Em protesto, Nelson Freire cancela concertos com a Orquestra Sinfônica Brasileira

Nelson Freire anunciou o cancelamento das apresentações que faria com a OSB — Orquestra Sinfônica Brasileira — , a qual passa por enorme imbroglio entre seus dirigentes e músicos. Freire, que se apresentou com a OSB pela primeira vez há 55 anos, desmarcou os dois concertos agendados para esta temporada — as apresentações seriam em agosto. A notícia repercutiu internacionalmente em sites especializados em música erudita, provando que a OSB tornou-se finalmente uma orquestra de importância mundial, como deseja seu regente titular e diretor artístico Roberto Minczuk.

O cancelamento deixa clara a contrariedade do pianista para com as atitudes da Fundação OSB e de seu regente titular e diretor artístico, Roberto Minczuk. Sempre discreto e elegante, Freire, um homem que é um monstro ao piano, que estuda e trabalha mais de seis horas por dia no instrumento e que poderia ter testado e cheirado até do avesso, manda um recado inequívoco: “Sou solidário aos músicos demitidos”.
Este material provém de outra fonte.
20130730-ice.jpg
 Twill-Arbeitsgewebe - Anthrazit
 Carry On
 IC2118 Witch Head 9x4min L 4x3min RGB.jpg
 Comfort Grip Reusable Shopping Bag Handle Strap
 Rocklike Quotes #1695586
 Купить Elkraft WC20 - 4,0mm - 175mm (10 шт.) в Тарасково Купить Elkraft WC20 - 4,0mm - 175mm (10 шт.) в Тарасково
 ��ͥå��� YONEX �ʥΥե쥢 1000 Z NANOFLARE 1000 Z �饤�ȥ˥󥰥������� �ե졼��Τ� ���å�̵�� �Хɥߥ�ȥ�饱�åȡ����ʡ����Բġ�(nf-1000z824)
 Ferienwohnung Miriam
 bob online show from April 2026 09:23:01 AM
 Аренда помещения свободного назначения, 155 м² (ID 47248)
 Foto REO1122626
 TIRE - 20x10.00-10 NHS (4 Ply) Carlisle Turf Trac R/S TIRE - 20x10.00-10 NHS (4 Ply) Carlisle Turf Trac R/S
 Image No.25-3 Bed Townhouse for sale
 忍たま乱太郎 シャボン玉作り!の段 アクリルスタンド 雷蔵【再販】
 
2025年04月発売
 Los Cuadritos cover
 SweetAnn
Caras como o polêmico crítico inglês Norman Lebrecht comentaram o rumoroso caso que talvez possa ser resumido assim:

O regente titular e diretor artístico Roberto Minczuk — neste acúmulo de cargos mora um grande perigo, é o mesmo que dar poderes ilimitados a uma potencial estrela — resolveu realizar, assim de surpresa, provas de avaliação de desempenho. A convocação aconteceu logo após o início da férias da orquestra e a ordem era que deviam prestar uma prova de avaliação do seu potencial artístico. É estranho, pois não há notícia de caso semelhante, nenhuma orquestra do mundo exige tal prova, pois a avaliação é diária. Mesmo as avaliações feitas na OSESP nos anos 90 foram realizadas de forma civilizada, de comum acordo e sem a espada da demissão sobre a cabeça de ninguém — quem era ruim ia para o time B tocar nos festins estaduais, quem era bom ficava no time e as vagas que sobrassem eram preenchidas por novos concursos. Era justo. Na OSESP, John Neschling sabia que tinha um grupo fraco e que precisava reforçá-lo. De forma clara, justa e conversada, montou a maior orquestra do país.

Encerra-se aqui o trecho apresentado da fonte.